八木が嵩を
助けてくれた理由

 明日をもしれないので嵩が、これまで戦友(バディシステム)として世話になったと礼を八木に言うと、井伏鱒二の詩集を読んでいる嵩に同じにおいを感じていたとわかる。井伏鱒二の詩がふたりを結びつけ、間接的に嵩を助けてくれたのだ。

 これまでの礼に、嵩は八木の似顔絵を手渡した。

 戦場は「弱いものから死んでいく」と言う八木。それはつまり、嵩のような弱いものは危険だということだ。でも嵩は「なんとしてでも生きて帰りたいのです」とこの時代、不謹慎なことを言う。勝つために命を捨てるのではなく、勝ったうえで生き残るのが最適解だと思うので、不謹慎ではない気がするのだが、当時の感覚って実際、どうなんだろう。すでに、戦況が思わしくなく、死んでも勝てという流れになっていたのだろうか。

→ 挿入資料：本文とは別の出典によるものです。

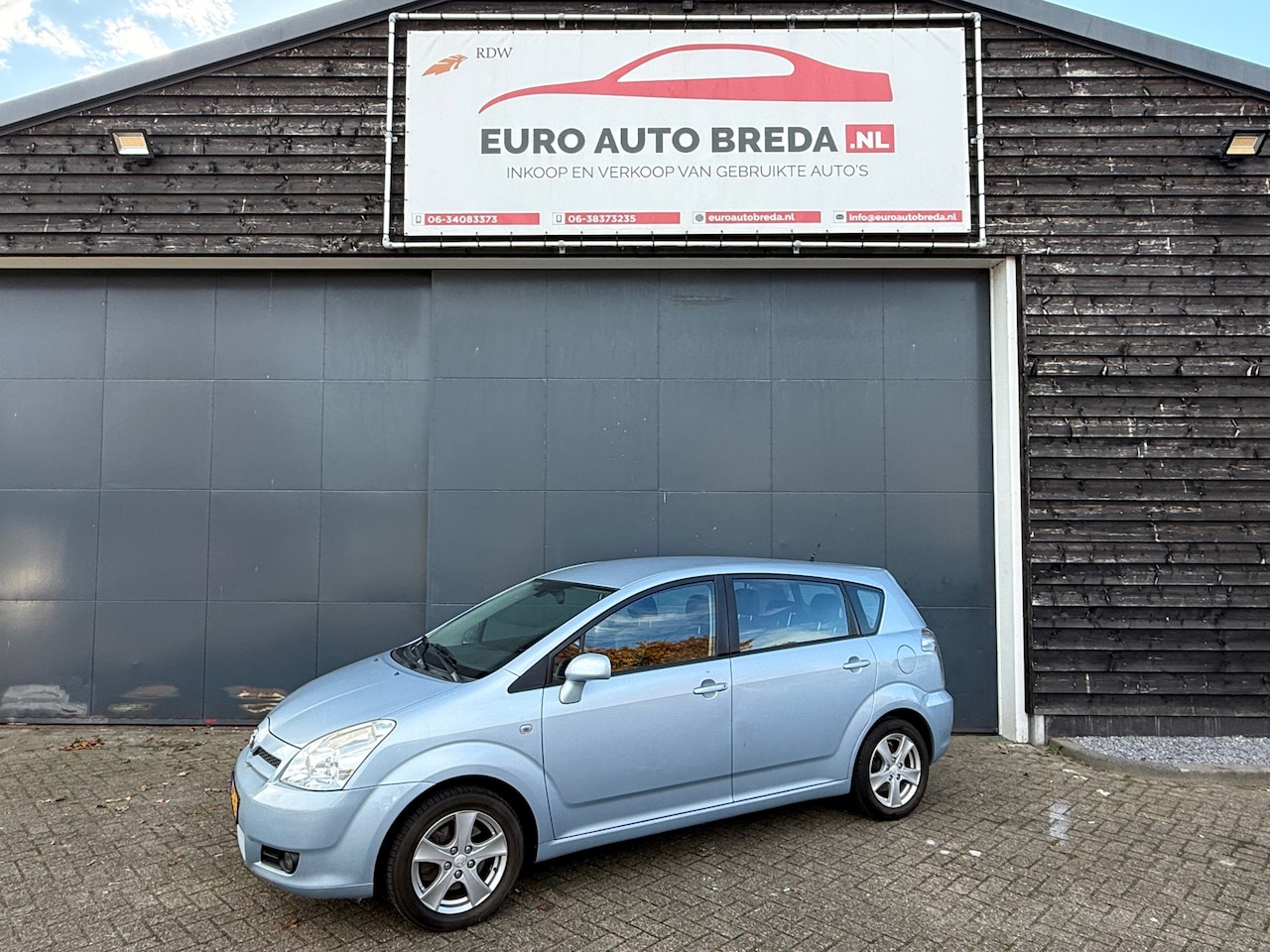 Toyota Verso - 1.8 VVT-i Executive 1.8 VVT-i Executive - AutoWereld.nl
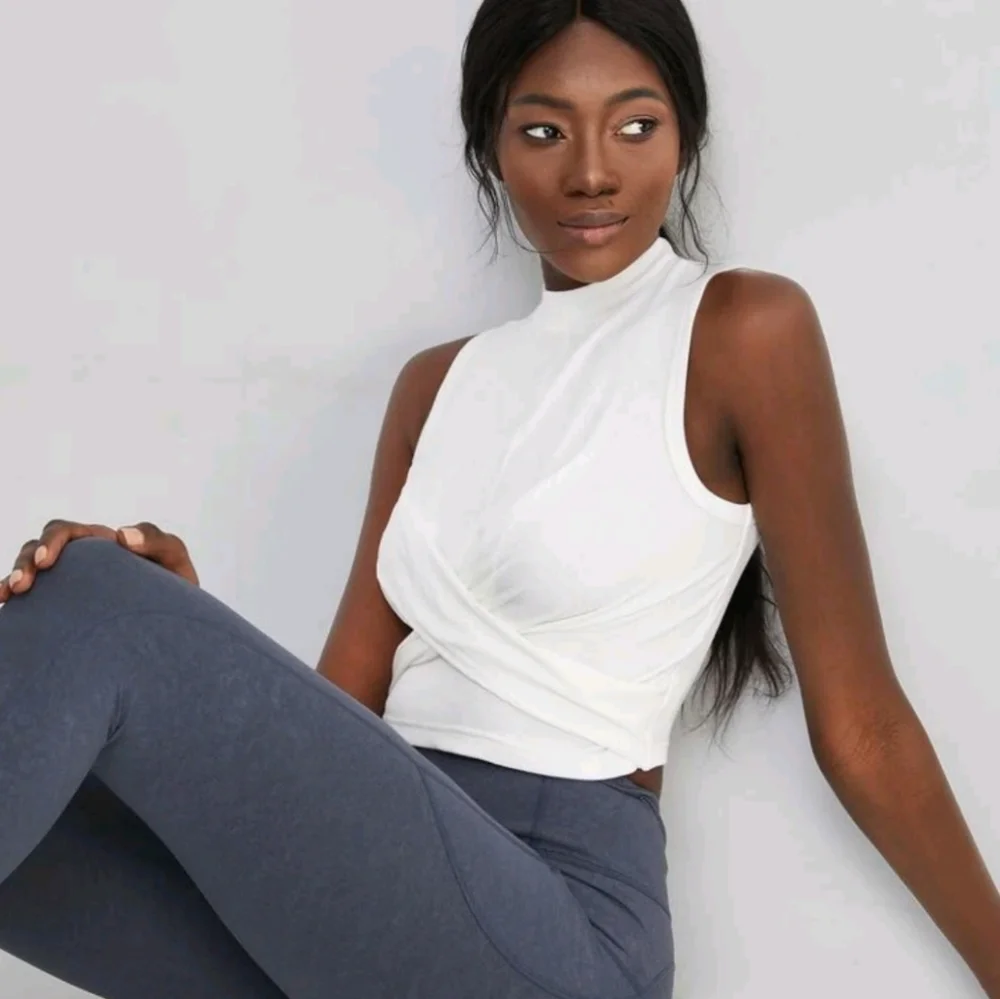 🔥Last One🔥 MOTF Crop Twist Top - Picture 4 of 8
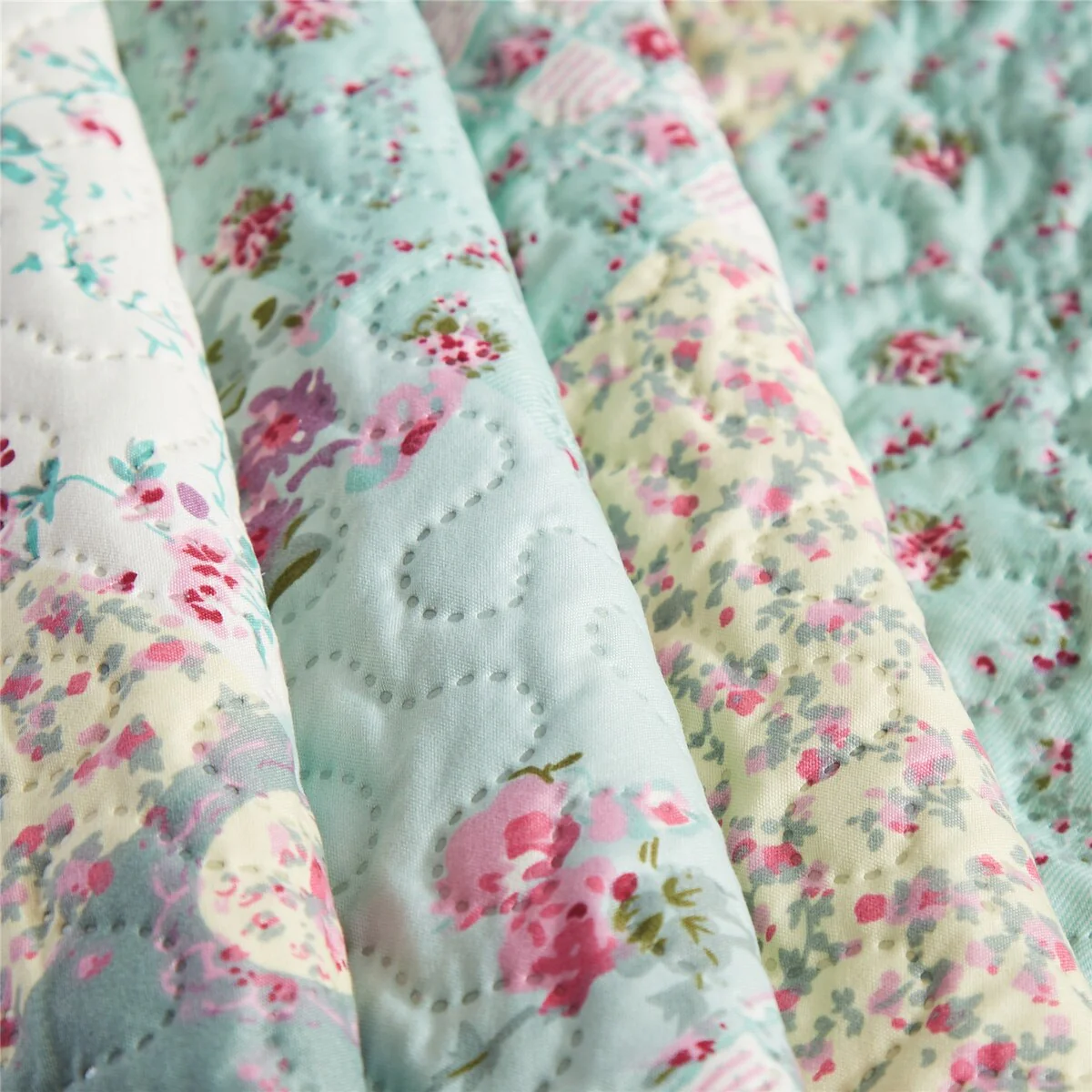 4B80E100-8CC2-DA4C-6303-5C0DAF1FDD1E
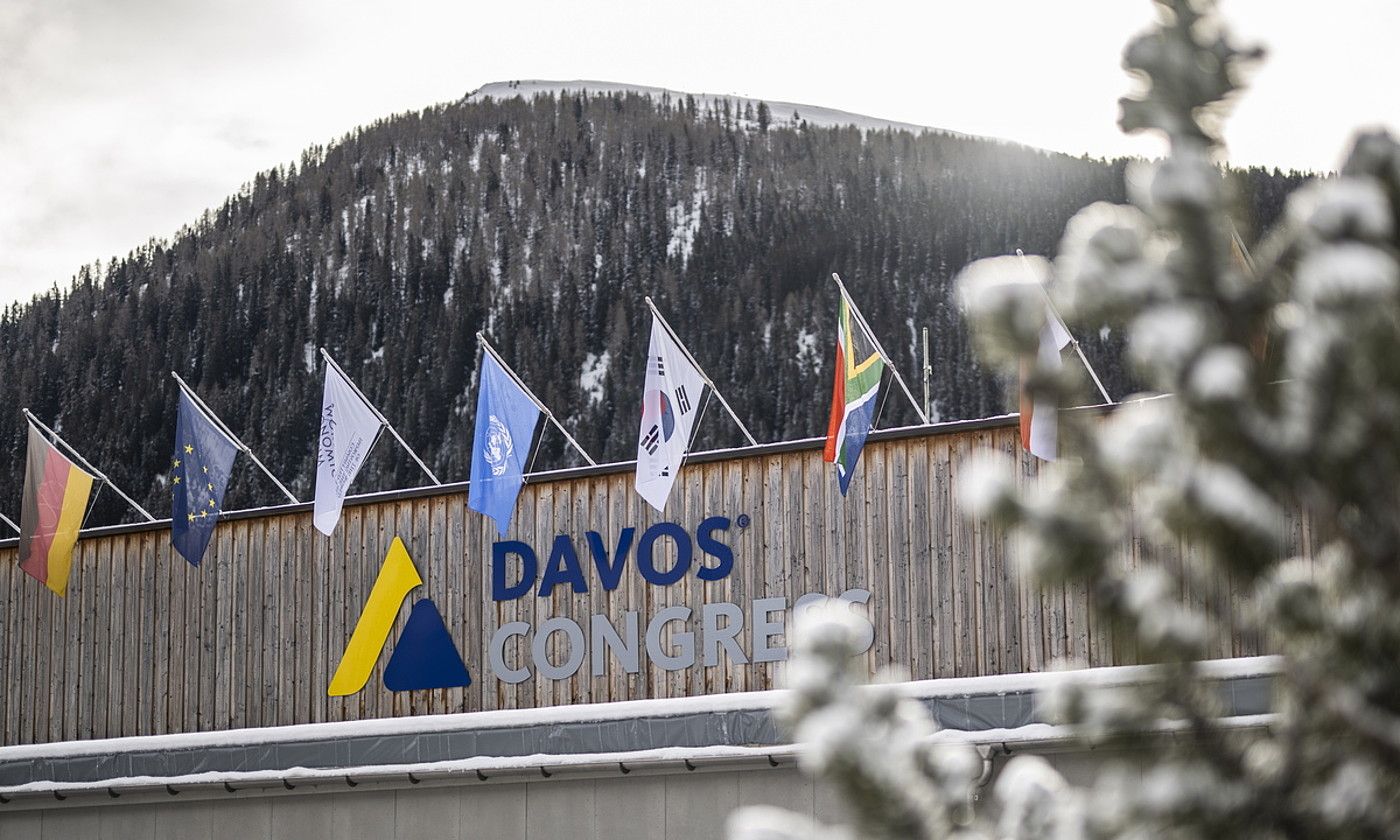 Munduko Foro Ekonomikoa egingo duten eraikinaren kanpoaldea, Davosen (Suitza), atzo. GIAN EHRENZELLER/ EFE.
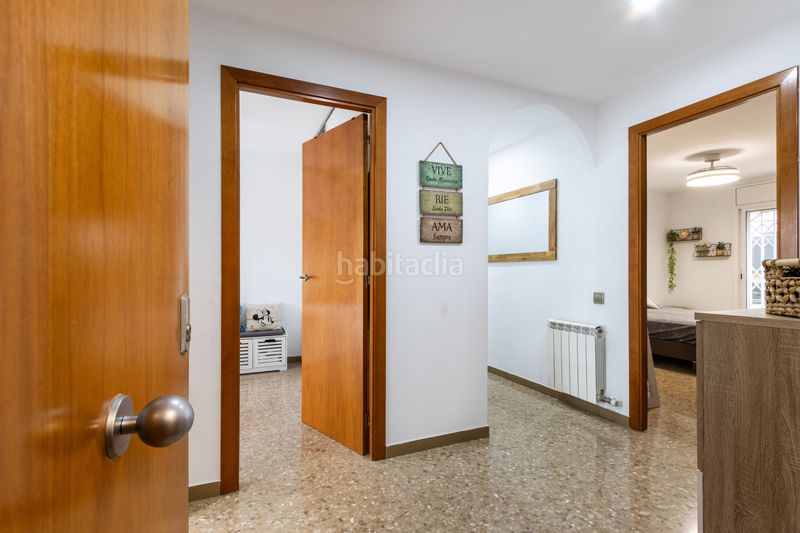 Foto fe01bed4-d3de-4eef-b791-9c81530c2820. Piso planta baja única con patio de 200m luz, amplitud y tu propia zona de aparcamiento junto a est en Terrassa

 ここでは実際どうだったかというよりも、なぜ、生きたいと思うのか、なぜ、生きて帰りたいと考えてはいけないのか、というようなことを自分なりに考えることが大切なのかなと思う。どうも第54回から国語のテスト問題に向かっているような気持ちになっている。

 嵩は「なんのために生まれてきたか」その意味を知りたいから、死にたくない。どうしたらいいのか、八木に訊ねると――。

「弱いものが戦場で生き残るには卑怯者になることだ。仲間がやられても仇をとろうと思うな」

 八木の答えはシニカルであった。これをどう捉えたか、嵩の心情はここでは描かれない。ということは、このあとどこかでこれに関するエピソードが出てくるに違いない。

 戦争、戦争と重苦しさばかり漂うが、その空気を破った者がいる。

 岩男(濱尾ノリタカ)である。

 嵩たちの行き先は中国福建省。そこで嵩は幼馴染の岩男と再会する。康太(櫻井健人)、健太郎(高橋文哉)とどんだけ知り合いに再会するパターンを繰り返すのか。それはさておき、中国の市場で岩男が声をかけてくる。

 第一声はなれなれしかった岩男だが、嵩が伍長になっていると気付くとたちまち敬礼し、丁寧な言葉遣いになる。厳然たる階級差。八木のおかげで嵩は出世して、いじめから逃れることができたのだあと思う。卑怯者になる、というのは知恵を使えということかもしれない。